Silencer by Marcus Wicker
Influenced by hip-hop, this poetry collection is described as being set in “Marcus Wicker’s Midwest, where the muzzle is always on and where silence and daily microaggressions can chafe away at the faith of a young man grieved by images of gun violence and police brutality in twenty-first century America.” Whew. It sounds really amazing.

New American Best Friend by Olivia Gatwood
I am trying really hard not to buy books until I’ve read a chunk of the millions I’ve bought this year, but this one is testing my resolve. I saw a video of Gatwood performing a poem called ‘Ode to My Bitch Face’¬† (I’m linking to her website here because I think this needs to be watched) and it blew my mind; I love it when I find a poem that so perfectly captures my own feelings. I might actually go and order this now. I have no self-control.

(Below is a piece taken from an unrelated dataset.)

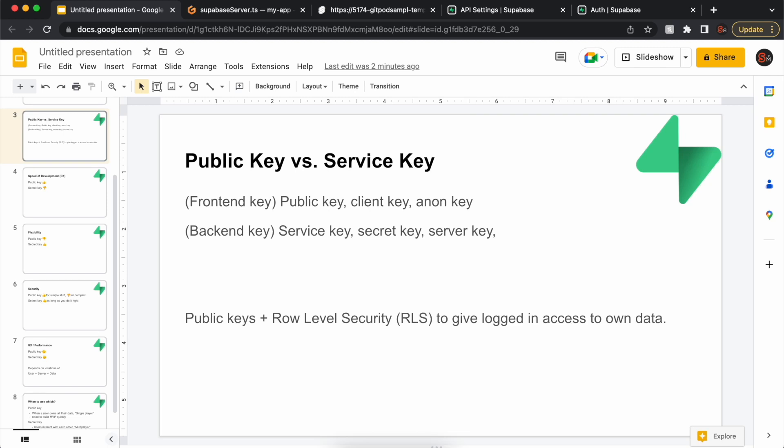In this video, we are going to talk about public key versus service key in Supabase.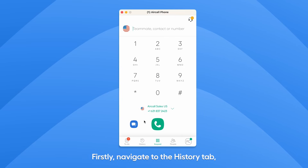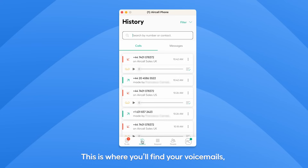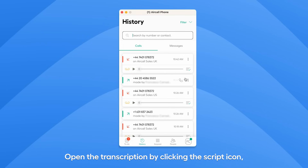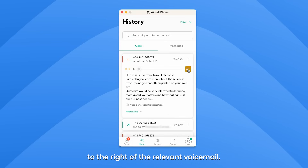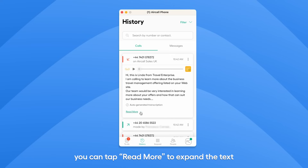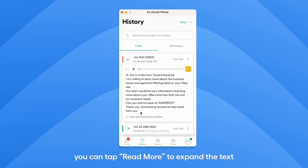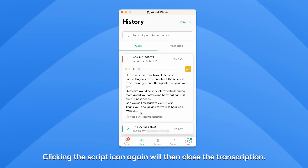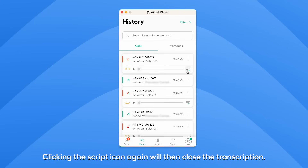Firstly, navigate to the History tab in the bottom bar of your phone app. This is where you'll find your voicemails along with all inbound and outbound calls. Open the transcription by clicking the Script icon to the right of the relevant voicemail. If it's a particularly long voicemail, you can tap Read More to expand the text. Clicking the Script icon again will then close the transcription.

Have you read any of these or do you now feel a tremendous urge to do so? If you have any recommendations for me, please fire away (although be aware that I read The Princess Saves Herself in This One and hated it, and am sworn off that style of poetry forever).

Top Ten Tuesday: Most Anticipated Reads for the rest of 2017

This week’s TTT, hosted by The Broke and The Bookish, is all about our most anticipated books being released in the rest of 2017. Here are mine:

Our Dark Duet by V.E. Schwab
I really liked This Savage Song, so I’m looking forward to this sequel, which comes out in June. I am hoping for more of the creepy monsters and Kate beating people up.

Because You Love to Hate Me: 13 Tales of Villainy, edited by Ameriie
An anthology of short stories by YA authors and booktubers (I think), this sounds pretty cool.

Mr Either/Or by Aaron Poochigian
This is a bit of a cheat as I’ve already read this delightfully bonkers verse novel about a secret agent pursuing a mysterious ancient Chinese relic. It comes out in October and I hope it sells a bazillion copies.

Things a Bright Girl Can Do by Sally Nicholls
YA about suffragettes? Yes please.

A Jigsaw of Fire and Stars by Yaba Badoe
I have an e-ARC of this and am so excited to read it. Apparently it moves from people trafficking to African folklore, following a girl who was the only survivor of an attempt by refugees to make it across the ocean. It sounds incredible.

Sing, Unburied, Sing by Jesmyn Ward
I really enjoyed Ward’s Salvage the Bones, and I’m eager to read this, which is described as “a searing, urgent read for anyone who thinks the shadows of slavery and Jim Crow laws have passed.”

Indigo by about a million authors
Somehow, this seems to have been written by a whole handful of different authors, and is, I think, a kind of mystery-thriller-superhero type thing. It sounds cool and Seanan Maguire is one of the authors, which excites me.

Godblind by Anna Stephens
I have an e-ARC of this and it sounds cool. It’s a grown-up fantasy and the plot sounds really complicated and weird. Woohoo.

Little Fires Everywhere by Celeste Ng
I really liked Ng’s Everything You Never Told Me, so I’ve got high hopes for this, described as “the intertwined stories of the picture-perfect Richardson family and the mother and daughter who upend their lives.”

City of Spies by Sorayya Khan
This is set in 1970s Pakistan, focusing on the personal traumas of an eleven year old girl, set against a backdrop of political upheaval. This ticks several of my “must read” boxes so I want it.

What are you anticipating for the rest of the year?